Your instructions: Please output exactly the lines that run from the line with "Backview of blurred" through the final line of the data, inclusive, and nothing more.

── Records ──

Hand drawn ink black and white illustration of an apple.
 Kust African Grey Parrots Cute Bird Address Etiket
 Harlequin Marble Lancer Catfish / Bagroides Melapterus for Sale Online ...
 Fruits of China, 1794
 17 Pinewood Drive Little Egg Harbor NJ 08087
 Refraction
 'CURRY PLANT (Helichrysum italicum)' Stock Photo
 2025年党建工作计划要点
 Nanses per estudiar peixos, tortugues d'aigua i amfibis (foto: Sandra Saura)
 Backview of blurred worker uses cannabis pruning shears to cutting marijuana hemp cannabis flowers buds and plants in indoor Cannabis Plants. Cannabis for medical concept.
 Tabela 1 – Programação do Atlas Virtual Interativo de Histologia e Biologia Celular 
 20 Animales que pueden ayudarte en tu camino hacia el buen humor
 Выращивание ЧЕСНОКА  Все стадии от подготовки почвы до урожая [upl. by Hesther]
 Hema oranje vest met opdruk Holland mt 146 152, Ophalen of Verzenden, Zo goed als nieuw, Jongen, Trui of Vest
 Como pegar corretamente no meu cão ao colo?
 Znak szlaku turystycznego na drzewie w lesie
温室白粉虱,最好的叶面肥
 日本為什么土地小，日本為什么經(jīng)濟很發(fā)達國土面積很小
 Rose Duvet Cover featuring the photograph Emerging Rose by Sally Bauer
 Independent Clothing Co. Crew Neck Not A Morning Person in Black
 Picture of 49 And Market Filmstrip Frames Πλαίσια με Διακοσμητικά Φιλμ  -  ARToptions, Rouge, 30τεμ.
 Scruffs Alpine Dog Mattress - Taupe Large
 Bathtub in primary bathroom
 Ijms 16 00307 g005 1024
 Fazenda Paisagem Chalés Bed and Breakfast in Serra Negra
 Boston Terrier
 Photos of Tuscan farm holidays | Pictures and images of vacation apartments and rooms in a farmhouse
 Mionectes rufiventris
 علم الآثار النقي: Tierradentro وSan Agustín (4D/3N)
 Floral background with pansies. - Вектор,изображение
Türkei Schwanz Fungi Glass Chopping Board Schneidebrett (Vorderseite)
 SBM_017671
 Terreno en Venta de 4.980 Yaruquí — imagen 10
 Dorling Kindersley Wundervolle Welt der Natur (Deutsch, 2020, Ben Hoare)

───

Output of the exercise:
 Backview of blurred worker uses cannabis pruning shears to cutting marijuana hemp cannabis flowers buds and plants in indoor Cannabis Plants. Cannabis for medical concept.
 Tabela 1 – Programação do Atlas Virtual Interativo de Histologia e Biologia Celular 
 20 Animales que pueden ayudarte en tu camino hacia el buen humor
 Выращивание ЧЕСНОКА  Все стадии от подготовки почвы до урожая [upl. by Hesther]
 Hema oranje vest met opdruk Holland mt 146 152, Ophalen of Verzenden, Zo goed als nieuw, Jongen, Trui of Vest
 Como pegar corretamente no meu cão ao colo?
 Znak szlaku turystycznego na drzewie w lesie
温室白粉虱,最好的叶面肥
 日本為什么土地小，日本為什么經(jīng)濟很發(fā)達國土面積很小
 Rose Duvet Cover featuring the photograph Emerging Rose by Sally Bauer
 Independent Clothing Co. Crew Neck Not A Morning Person in Black
 Picture of 49 And Market Filmstrip Frames Πλαίσια με Διακοσμητικά Φιλμ  -  ARToptions, Rouge, 30τεμ.
 Scruffs Alpine Dog Mattress - Taupe Large
 Bathtub in primary bathroom
 Ijms 16 00307 g005 1024
 Fazenda Paisagem Chalés Bed and Breakfast in Serra Negra
 Boston Terrier
 Photos of Tuscan farm holidays | Pictures and images of vacation apartments and rooms in a farmhouse
 Mionectes rufiventris
 علم الآثار النقي: Tierradentro وSan Agustín (4D/3N)
 Floral background with pansies. - Вектор,изображение
Türkei Schwanz Fungi Glass Chopping Board Schneidebrett (Vorderseite)
 SBM_017671
 Terreno en Venta de 4.980 Yaruquí — imagen 10
 Dorling Kindersley Wundervolle Welt der Natur (Deutsch, 2020, Ben Hoare)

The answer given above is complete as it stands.